YOUR OBJECTIVE: Give all the lines below again, exactly, with no pictures.

DATASET CONTENT:
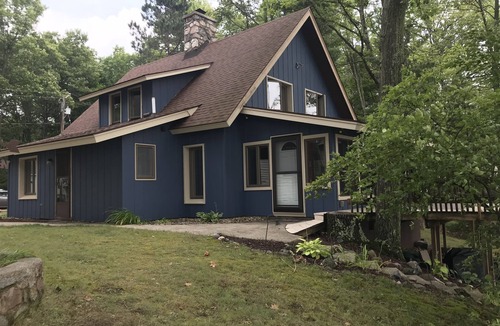 Lake House | Lovely lakefront log cabin on Eight Point Lake. Relax or have fun in the lake!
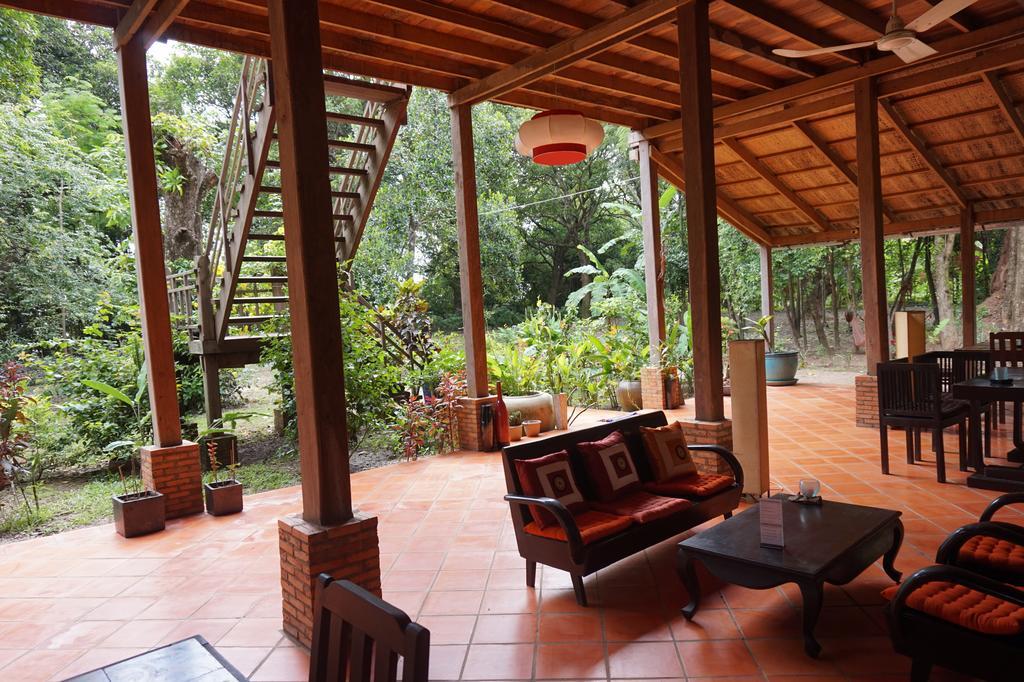 Arun Mekong Guesthouse Kratie Exterior photo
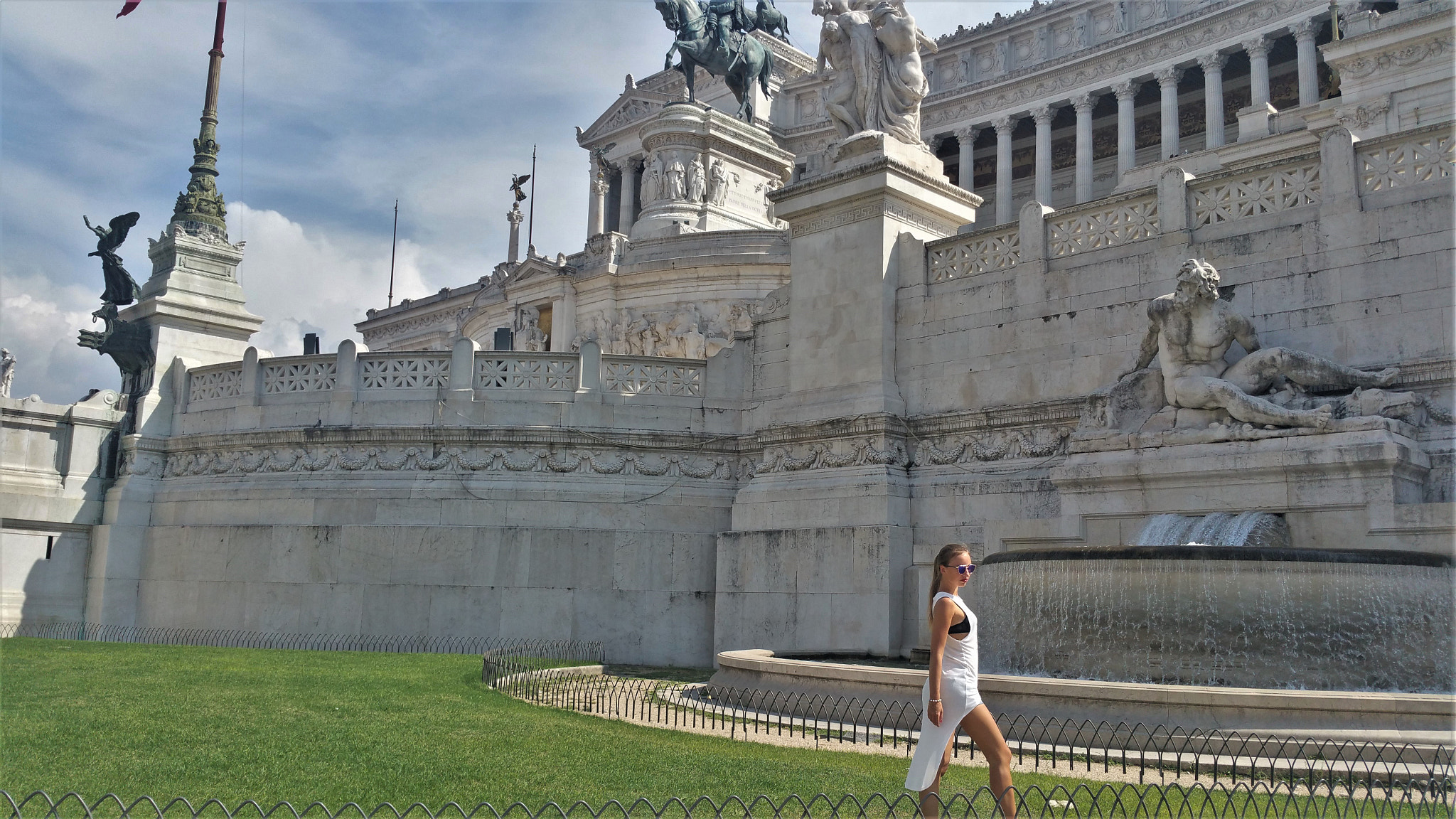 Samsung Galaxy Note Edge sample photo. Lady and rome photography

RESULT OF THE EXERCISE:
 Lake House | Lovely lakefront log cabin on Eight Point Lake. Relax or have fun in the lake!
 Arun Mekong Guesthouse Kratie Exterior photo
 Samsung Galaxy Note Edge sample photo. Lady and rome photography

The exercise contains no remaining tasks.